Aim of the task:
Each record must be repeated exactly. None may be dropped.

The data:
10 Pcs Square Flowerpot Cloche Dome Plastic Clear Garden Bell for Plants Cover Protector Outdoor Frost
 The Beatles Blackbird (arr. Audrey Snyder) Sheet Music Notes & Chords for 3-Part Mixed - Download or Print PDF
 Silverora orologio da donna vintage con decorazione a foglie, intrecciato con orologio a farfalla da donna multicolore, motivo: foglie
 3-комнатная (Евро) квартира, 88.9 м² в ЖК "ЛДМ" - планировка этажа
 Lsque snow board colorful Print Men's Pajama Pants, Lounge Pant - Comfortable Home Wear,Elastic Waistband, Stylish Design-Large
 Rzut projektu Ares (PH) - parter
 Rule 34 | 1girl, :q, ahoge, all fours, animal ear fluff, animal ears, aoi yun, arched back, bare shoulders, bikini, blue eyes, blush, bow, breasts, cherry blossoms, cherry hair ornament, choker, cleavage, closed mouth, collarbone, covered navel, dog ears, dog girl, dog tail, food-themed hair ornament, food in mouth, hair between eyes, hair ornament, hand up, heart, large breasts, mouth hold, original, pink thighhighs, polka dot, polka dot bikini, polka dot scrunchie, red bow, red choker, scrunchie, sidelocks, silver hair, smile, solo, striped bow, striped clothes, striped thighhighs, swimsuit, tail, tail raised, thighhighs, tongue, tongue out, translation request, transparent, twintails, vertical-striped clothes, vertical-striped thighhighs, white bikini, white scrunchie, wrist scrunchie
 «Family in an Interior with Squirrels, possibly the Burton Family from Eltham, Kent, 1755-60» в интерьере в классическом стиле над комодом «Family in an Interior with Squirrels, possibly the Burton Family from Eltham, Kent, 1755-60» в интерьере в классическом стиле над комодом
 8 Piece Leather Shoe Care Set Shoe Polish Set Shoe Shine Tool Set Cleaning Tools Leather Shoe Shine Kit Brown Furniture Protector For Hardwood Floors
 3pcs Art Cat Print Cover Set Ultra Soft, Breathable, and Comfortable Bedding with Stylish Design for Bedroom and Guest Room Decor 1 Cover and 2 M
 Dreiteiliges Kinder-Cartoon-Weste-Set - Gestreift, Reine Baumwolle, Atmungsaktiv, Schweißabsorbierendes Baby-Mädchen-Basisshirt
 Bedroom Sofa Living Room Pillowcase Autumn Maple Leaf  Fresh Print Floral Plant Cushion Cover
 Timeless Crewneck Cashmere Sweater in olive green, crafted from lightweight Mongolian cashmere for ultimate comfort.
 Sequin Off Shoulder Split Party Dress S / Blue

Result:
10 Pcs Square Flowerpot Cloche Dome Plastic Clear Garden Bell for Plants Cover Protector Outdoor Frost
 The Beatles Blackbird (arr. Audrey Snyder) Sheet Music Notes & Chords for 3-Part Mixed - Download or Print PDF
 Silverora orologio da donna vintage con decorazione a foglie, intrecciato con orologio a farfalla da donna multicolore, motivo: foglie
 3-комнатная (Евро) квартира, 88.9 м² в ЖК "ЛДМ" - планировка этажа
 Lsque snow board colorful Print Men's Pajama Pants, Lounge Pant - Comfortable Home Wear,Elastic Waistband, Stylish Design-Large
 Rzut projektu Ares (PH) - parter
 Rule 34 | 1girl, :q, ahoge, all fours, animal ear fluff, animal ears, aoi yun, arched back, bare shoulders, bikini, blue eyes, blush, bow, breasts, cherry blossoms, cherry hair ornament, choker, cleavage, closed mouth, collarbone, covered navel, dog ears, dog girl, dog tail, food-themed hair ornament, food in mouth, hair between eyes, hair ornament, hand up, heart, large breasts, mouth hold, original, pink thighhighs, polka dot, polka dot bikini, polka dot scrunchie, red bow, red choker, scrunchie, sidelocks, silver hair, smile, solo, striped bow, striped clothes, striped thighhighs, swimsuit, tail, tail raised, thighhighs, tongue, tongue out, translation request, transparent, twintails, vertical-striped clothes, vertical-striped thighhighs, white bikini, white scrunchie, wrist scrunchie
 «Family in an Interior with Squirrels, possibly the Burton Family from Eltham, Kent, 1755-60» в интерьере в классическом стиле над комодом «Family in an Interior with Squirrels, possibly the Burton Family from Eltham, Kent, 1755-60» в интерьере в классическом стиле над комодом
 8 Piece Leather Shoe Care Set Shoe Polish Set Shoe Shine Tool Set Cleaning Tools Leather Shoe Shine Kit Brown Furniture Protector For Hardwood Floors
 3pcs Art Cat Print Cover Set Ultra Soft, Breathable, and Comfortable Bedding with Stylish Design for Bedroom and Guest Room Decor 1 Cover and 2 M
 Dreiteiliges Kinder-Cartoon-Weste-Set - Gestreift, Reine Baumwolle, Atmungsaktiv, Schweißabsorbierendes Baby-Mädchen-Basisshirt
 Bedroom Sofa Living Room Pillowcase Autumn Maple Leaf  Fresh Print Floral Plant Cushion Cover
 Timeless Crewneck Cashmere Sweater in olive green, crafted from lightweight Mongolian cashmere for ultimate comfort.
 Sequin Off Shoulder Split Party Dress S / Blue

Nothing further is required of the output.